へッドライトは、1970年代に発売された伝説の「240ZG」をイメージしている。現代風LEDライトで構成されるが、ここにもレトロモダンの息吹を感じるのだ。大きく口を開けたフロントグリルも、長くフェアレディZが受け継いできたスクエアな開口部だ。現代のモデルの多くが、複雑な線や隆起を多用して印象に残るデザインとしているなか、驚くほどシンプルである。
インテリアも同様で、鋭く断ち落としたインパネは、やはりフェアレディZの伝統であり、エンジンのコンディションをつぶさに伝える丸型の計器類がドライバーを睨みつける。情報のすべてをモニターに集約する現代の手法とは、明らかに異なる。
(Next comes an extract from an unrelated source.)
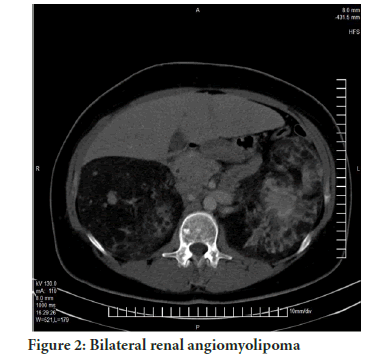 systematicreviews-renal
搭載するパワーユニットも、フェアレディZのDNAを強く感じるものだ。V型6気筒ツインターボは最新のエンジンだが、マルチシリンダーはフェアレディZの伝統でもある。さすがに直列6気筒ではないものの、パワーは十分であるに違いない。
6速マニュアルミッション(MT)との組み合わせというのも、感涙ものである。公表された資料にはオートマ(AT)の設定はない。だが、実際の市販化では、おそらくATのラインナップだろう。それでも、6速MTありきの発表は、回帰への狼煙のように思えた。
これほどレトロモダンを強調した最新モデルが、これまでにあっただろうか。これをもってして、かつて隆盛を極めた日産への回帰でありオマージュが、昭和世代のクルマ好きをターゲットにしているとするのは簡単である。だが、むしろ華やかだったクルマ社会を知らぬ若い世代の琴線に響く可能性を秘めている。それこそ日産復活の狼煙なのだ。
あえて過去を振り返ることで、“新生日産”のフラッグシップであることが興味深い。